Example: A mid-sized consulting firm planned to deploy a Professional Services Automation (PSA) platform, but had a problem managing resource schedules until the platform was selected and deployed. To solve the operational issue, the firm selected a SaaS application used by advertising and marketing firms to coordinate the schedules of staff and freelancers. The SaaS application was young and very inexpensive. The data to be included on the platform was not sensitive and care was taken to restrict personal and client information saved on the system. There was no integration to other more sensitive systems. As a result, the firm was able to implement a new scheduling system within a week and run it for nine months during the PSA selection and implementation. The firm accepted the SaaS firm’s term of use and paid on a monthly basis by credit card. This was a good example of interchangeable functionality executed with very limited risk that provided good benefits to the organization. Even if the SaaS firm failed or was breached the business impact would have been acceptable.
Some questions teams can ask to determine if a SaaS platform is interchangeable:
- If all data is breached, do we care?
- If the application or firm fails, what impact to cost or revenue can we expect?
- If the application or firm fails, what will our customers, partners, or other stakeholders perceive?

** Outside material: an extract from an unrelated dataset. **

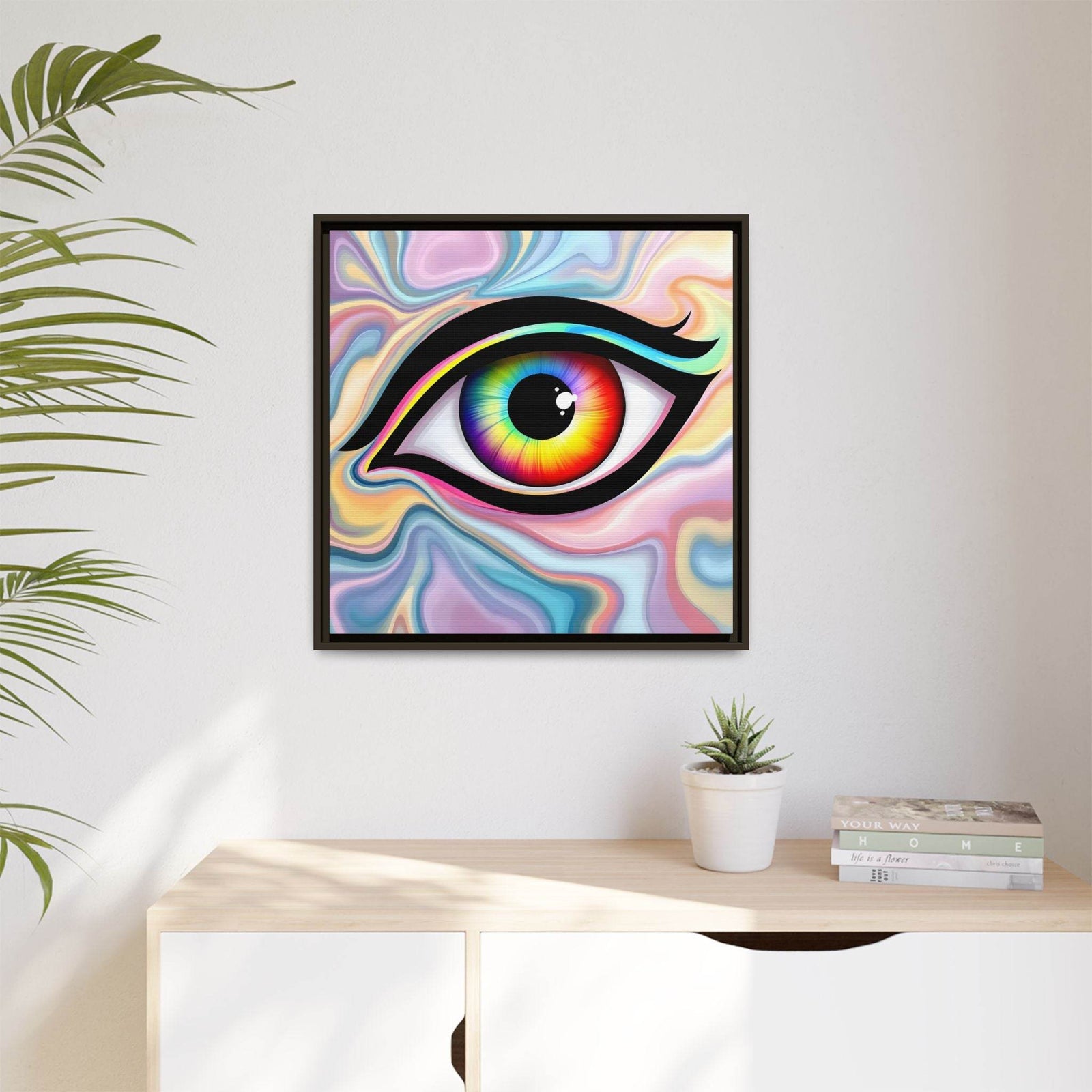 PsEyeFlow #24 - Prism Reflection (Square Matte Canvas, Framed (Multi-color)) - Highdellic
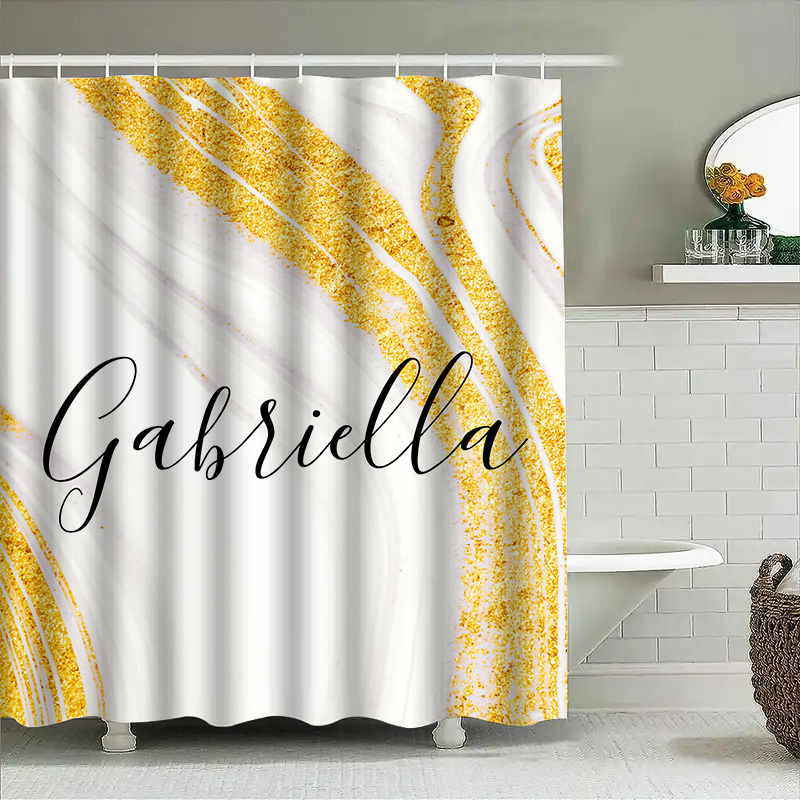 Gold-Marmor-Duschvorhang, pers – Home Bathroom Name Bewertung und Preis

At the other end of the spectrum are systems that contain data we deeply care about, that will affect cost or revenue in a manner that is material, or impact our reputation or relationship with customers, partners, or other important stakeholders significantly in the event of security, privacy, or business failure. These may be SaaS systems that process customer interactions and payments, operational systems like enterprise resource planning, or manufacturing systems. They may contain intellectual capital, research and development information, or be highly integrated with financial or other systems that contain regulated information you wish to protect.
Example: Consider the ComplyRight breach and its subsequent class action suits that claim the firm was untruthful about its data security capabilities. This SaaS system helped firms prepare tax forms and Affordable Care Act (ACA) and HIPAA paperwork. In this breach, the litigants say the firm misrepresented its encryption technologies. Let us assume if your employee or customer data was affected, it would impact at a minimum your costs and reputation. In this case, well-executed third-party risk evaluation could have identified, as Brian Krebs of “Krebs on Security” quickly did, that the firm had limited cyber security capabilities despite market claims.
In the enterprise ERP sector, there are breaches that have affected operations and customers, and research conducted by government and security firms clearly shows these systems are a target of interest by cyber attackers. As these core business applications continue to move toward cloud application services and second-tier and third-tier upstarts enter the fray, there are significant context considerations a firm should make when moving to a SaaS platform.
These examples demonstrate that a context evaluation can frame the extent to which further due diligence and business consideration are needed. Once the context of the SaaS decision had been established, it is time to evaluate the business prospects of the SaaS firm, which we will cover in part two of this series.